和夫(かずお)と月子(つきこ)は家族を伴って3回の海外駐在生活を経験する。長女・万梨阿(まりあ)と次女・愛弓(あゆみ)は両親の「貴重な体験のできる恵まれた環境にいる事を理解し、自分自身でその環境の中で何ができるのかを考えて、チャレンジしてほしい」という期待に応え、海外ならではのチャレンジを積み重ねていった。
(取材・執筆:髙田和子)
英国ののどかな暮らしが始まる
和夫の海外駐在が決まり、妻の月子と生後3か月半の長女・万梨阿の3人は英国・ロンドンに渡った。
住居は閑静なロンドン北部に決めた。リスがやってくる庭は広く、バドミントンもできる。秋になると庭には洋梨が実り、コンポートやジャムを作って収穫を楽しんだ。
渡英3日後に小さな事件が起きた。
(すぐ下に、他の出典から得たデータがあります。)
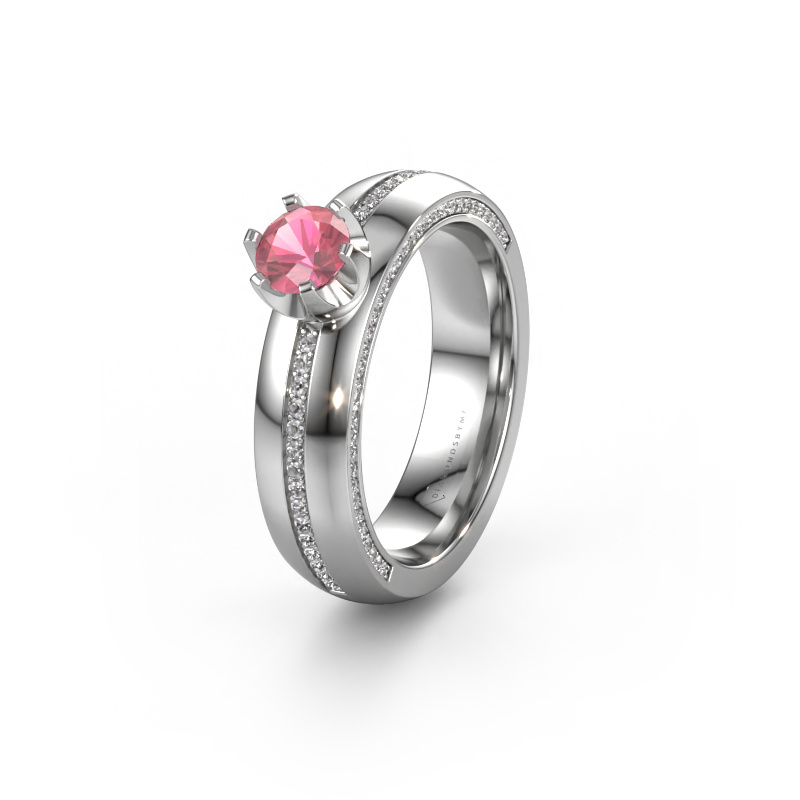 Bild von Ehering WH0416L25E 585 Weißgold ±5x2.6 mm Turmalin rosa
鍵や携帯電話を室内に置いたまま外に出てしまい、玄関のドアが自動的に施錠されてしまったのだ。11月のロンドンは午後3時でも薄暗く、寒い。生後3か月半の万梨阿を抱きながら、しばらく途方にくれたが「隣のイギリス人の老夫妻に頼るかしかない」と勇気を出してチャイムを鳴らした。ドアが開くとマダムたちが紅茶を飲みながらブリッジを楽しんでいるのが見えた。事情を話すと「まあ、とにかく入って。紅茶でも飲む?」と家に上がらせてくれた。大家に電話をかけて合鍵を持ってきてもらい、無事家に入ることができた。
「前途多難なイギリス暮らしの幕開けとも思いましたが、異国の地で人の優しさに触れることのできた出来事でもありました」と月子。